Doch was lässt sich gegen die Insulinresistenz im Gehirn unternehmen? Eine Studie des DZD, des Universitätsklinikums Tübingen und von Helmholtz Munich macht Hoffnung: Schon acht Wochen gezieltes Ausdauertraining reichten aus, um die Insulinempfindlichkeit im Gehirn bei übergewichtigen Erwachsenen deutlich zu verbessern [2].

An der Studie nahmen 21 übergewichtige oder adipöse Frauen und Männer zwischen 21 und 59 Jahren teil. Die Wissenschaftlerinnen und Wissenschaftler untersuchten mithilfe funktioneller Magnetresonanztomographie (MRT) die Reaktion des Gehirns auf Insulin vor und nach dem Trainingsprogramm.

Regelmäßiges Training erhöhte die Insulinwirkung in Hirnregionen, die für Hunger, Sättigung, Motivation und Bewegungsverhalten verantwortlich sind – auf ein Niveau, das sonst nur bei normalgewichtigen Menschen beobachtet wird. Die verbesserte Insulinreaktion ging einher mit einem besseren Stoffwechsel, verringertem Hungergefühl und einer Reduktion von ungesundem Bauchfett. "Die Ergebnisse zeigen, dass die Insulinresistenz im Gehirn möglicherweise reversibel ist", sagt DZD-Forscher Prof. Dr. Martin Heni, Letztautor der Studie.

Diabetes-Medikament verbessert Insulinwirkung im Gehirn

Neben Lebensstilinterventionen wie mehr Bewegung wünschen sich Ärztinnen und Ärzte auch effektive Medikamente, um Menschen mit Adipositas zu unterstützen. Dass sich die Insulinresistenz im Gehirn generell mit Pharmaka umkehren lässt, zeigte eine Pilotstudie des DZD und mehrerer Partnerinstitute [3].
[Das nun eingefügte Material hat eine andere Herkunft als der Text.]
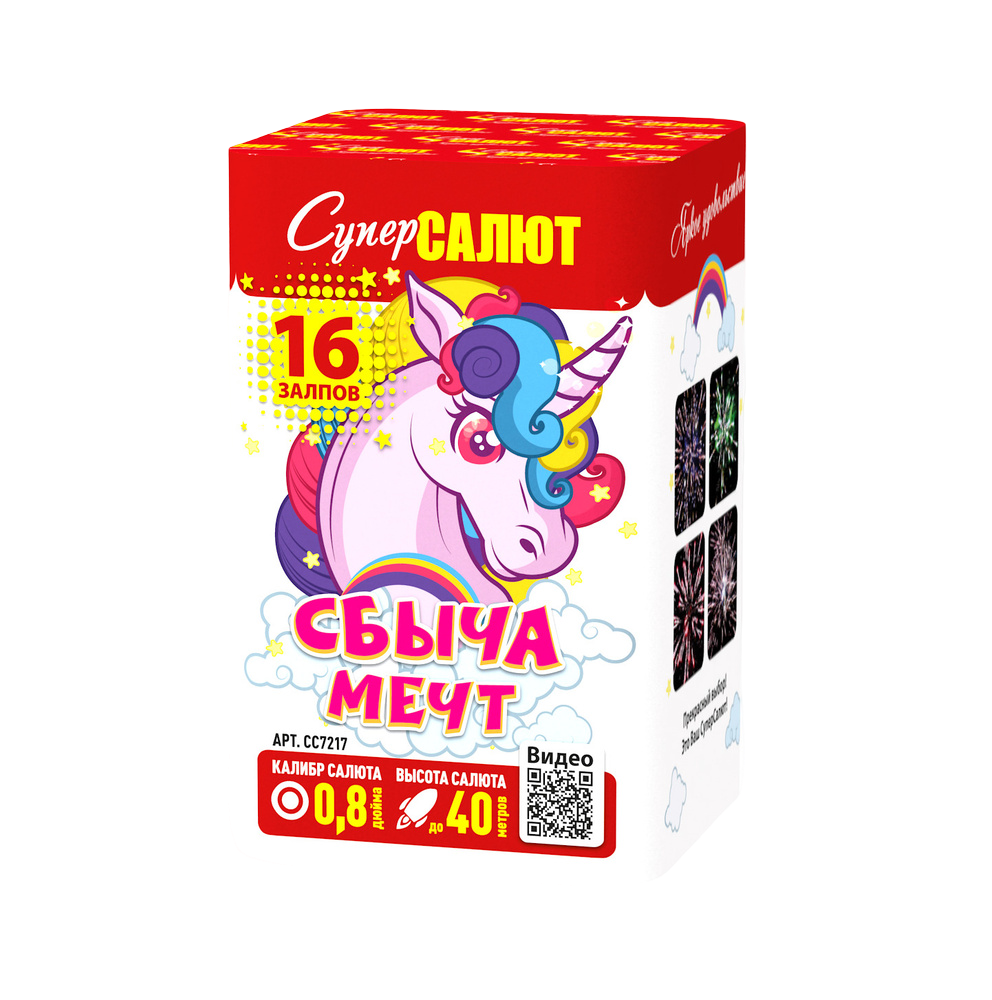 Батарея салютов Сбыча мечт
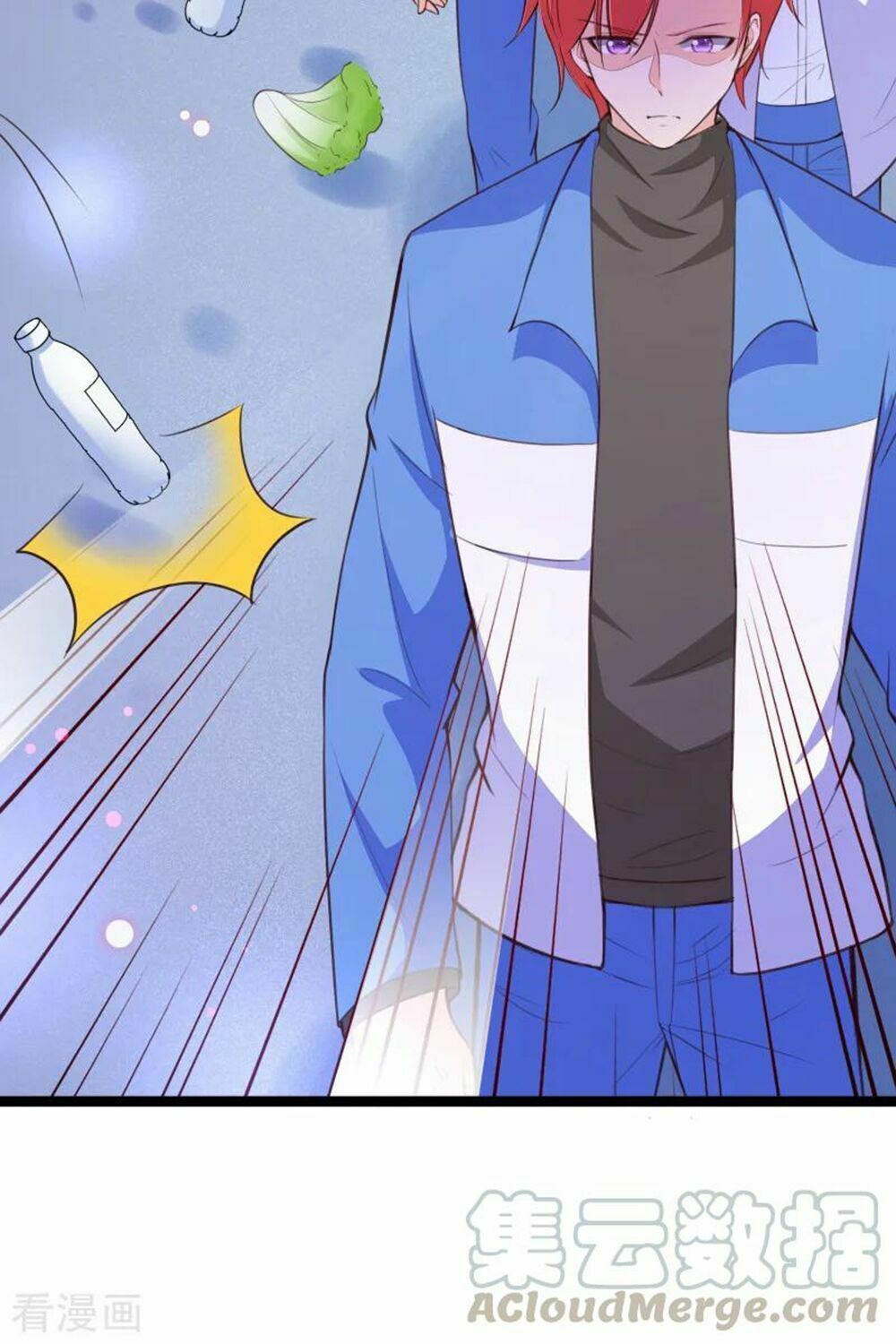 Boss Của Tôi Là Đại Thần: Chapter 109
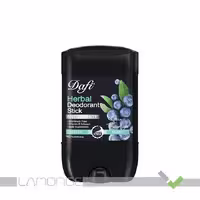 دئودورانت استیکی صابونی مناسب لباس سفید و سیاه برند دافی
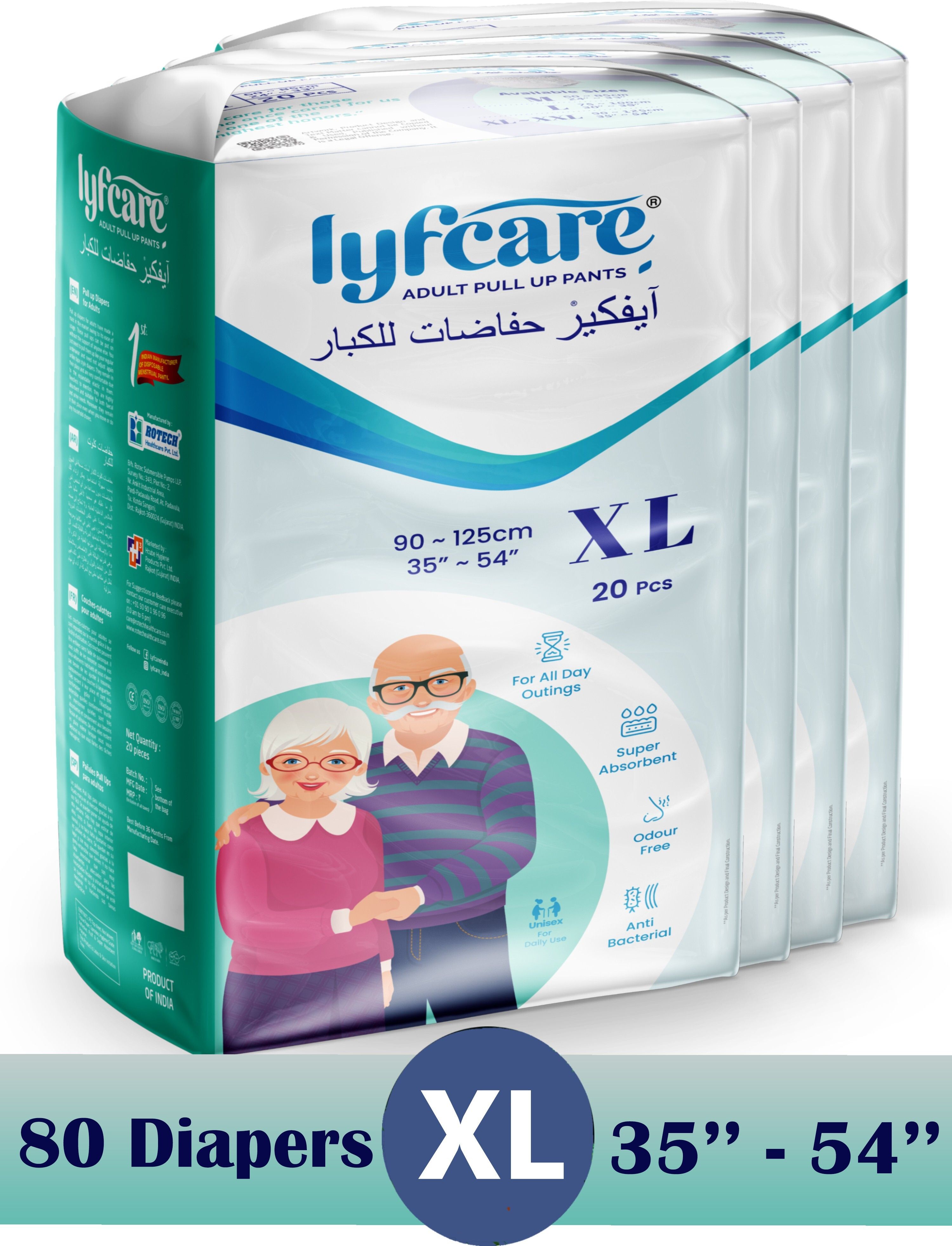 Pull-Up Pants | Waist Size (35-54 Inch) Adult Diapers - XL-image-44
40 Menschen mit Prädiabetes bekamen acht Wochen lang entweder den SGLT2-Hemmer Empagliflozin oder ein Placebo. Anhand moderner Bildgebung zeigte sich: Nur in der Empagliflozin-Gruppe nahm die Insulinempfindlichkeit im Gehirn zu. Auch verbesserten sich Blutzuckerwerte und der Fettgehalt der Leber, obwohl das Körpergewicht unverändert blieb.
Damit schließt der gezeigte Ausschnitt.